Our customers need to plan every upgrade on their side and manage the upgrades for every workload cluster release. Each customer has their own requirements regarding when they need to schedule upgrades (freeze periods, maintenance windows, etc.). At the same time, cloud native projects and Giant Swarm are continuously providing new releases. The preparation and execution of upgrades is time and labor intensive, while the fact that they are executed manually does not add much value to stakeholders.

Giant Swarm designed a versioning scheme (based on Semver), which includes all components on the stack, to ensure idempotence and expose the level of impact that changes bring to the customer. Patches and Minor releases should have no impact on the customer workloads, which means that they can be applied in the environments at any time.

Current state

Right now the automatic upgrades are carried by Solution Engineers (AEs and SAs) agreeing with the customer on upgrade windows and environments selected. The idea is to automate all this behavior and information under a Kubernetes operator(s) and Custom Resource(s).

The Solution Engineer plans cluster upgrades based on cluster type (environment, team,…) and maintenance windows offered by the customers. The upgrade is just a change on cluster- App manifest of the cluster.

Based on the fact Giant Swarm is moving to Cluster API this is story let us define a new greenfield scenario where we can design a model that can be more generic and not focus only in Giant Swarm platform. The idea would be contribute as much as possible with upstream due the fact most of this functionality would be useful for everyone that manages clusters.

Concepts

Cluster upgrade entity

There are different reason why we are interested in having an object to define the upgrade intent.

  • As we define in the user stories, we/customers would like to schedule upgrades on certain date from running version to a specific one. That way customer can plan upgrades ahead and so do we.

  • We have a registry of upgrades done to a cluster for auditing and tracking purposes.

  • We can save cluster upgrade status displaying if something goes wrong or not.

  • In theory we can include apps upgrades together or separately. [UPDATE] Now this is possible thanks to OCI registries and Flux.

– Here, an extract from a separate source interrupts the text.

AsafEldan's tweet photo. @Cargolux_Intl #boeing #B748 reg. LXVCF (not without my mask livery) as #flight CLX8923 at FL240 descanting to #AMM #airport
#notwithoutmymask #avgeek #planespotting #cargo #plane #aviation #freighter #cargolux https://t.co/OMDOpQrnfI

Maintenance schedule entity

Our customer can have a different set of constraints when it comes to allow changes in their clusters. The maintenance schedule would define those and then the clusters can rely on a policy to enforce the desired behavior.

The maintenance schedule would be reconciled by the cluster upgrade scheduler and it will program the upgrades based on that restrictions.

The maintenance schedule would contain

  • A way to define dates or times where clusters (or relatives) can be modified.

  • A way to define dates or times where clusters (or relatives) cannot be modified.

Technical aspects

We envision aforementioned concepts would become custom resource definitions and there will be additional controllers that would enhance and ensure the correct behavior.

Resources

ClusterUpgrade

Example resource:

apiVersion:
kind: ClusterUpgrade
metadata:
  name: upgrade-to-cluster-openstack-v1.20
  namespace: default
spec:
  matchers:
  - name: cluster_id
    value: mgab6
    isRegex: false
  - name: dev_clusters
    key: stage
    value: dev
    isRegex: true
  releaseRef:
    apiVersion: application.giantswarm.io/v1alpha1
    kind: Release
    name: v1.20.0
  startTime: 2021-03-10T07:00:00Z
status:
  triggeredAt: 2021-03-10T10:00:00Z
  state: finished
  outcome: success
  finishedAt: 2021-03-10T10:31:10Z
  fromRelease: v1.16.0
  toRelease: v1.20.0

MaintenanceSchedule

Example resource:

apiVersion:
kind: MaintenanceSchedule
metadata:
  name: working-hours-except-month-start
  namespace: default
spec:
  maintenanceWindows:
  - name: working-hours
    startTime: 2021-03-10T07:00:00Z
    endTime: 2021-03-10T17:00:00Z
    recurrence: FREQ=WEEKLY;BYDAY=MO,TU,WE,TH,FR
  maintenanceExclusions:
  - name: month-start
    startTime: 2021-03-01T00:00:00Z
    endTime: 2021-03-10T23:59:59Z
    recurrence: FREQ=MONTHLY

This would allow upgrades to happen between 07:00 UTC and 17:00 UTC on Monday-Friday, except for days between 1st and 10th of a month.

Controllers

Cluster upgrade executor

There will be an operator that based on the Cluster Upgrade CRs will trigger the upgrades changing the labels on the specific CR(s) when date matches or it will create the pull requests in Git repo to trigger the upgrade (Flux controllers could be used here for that).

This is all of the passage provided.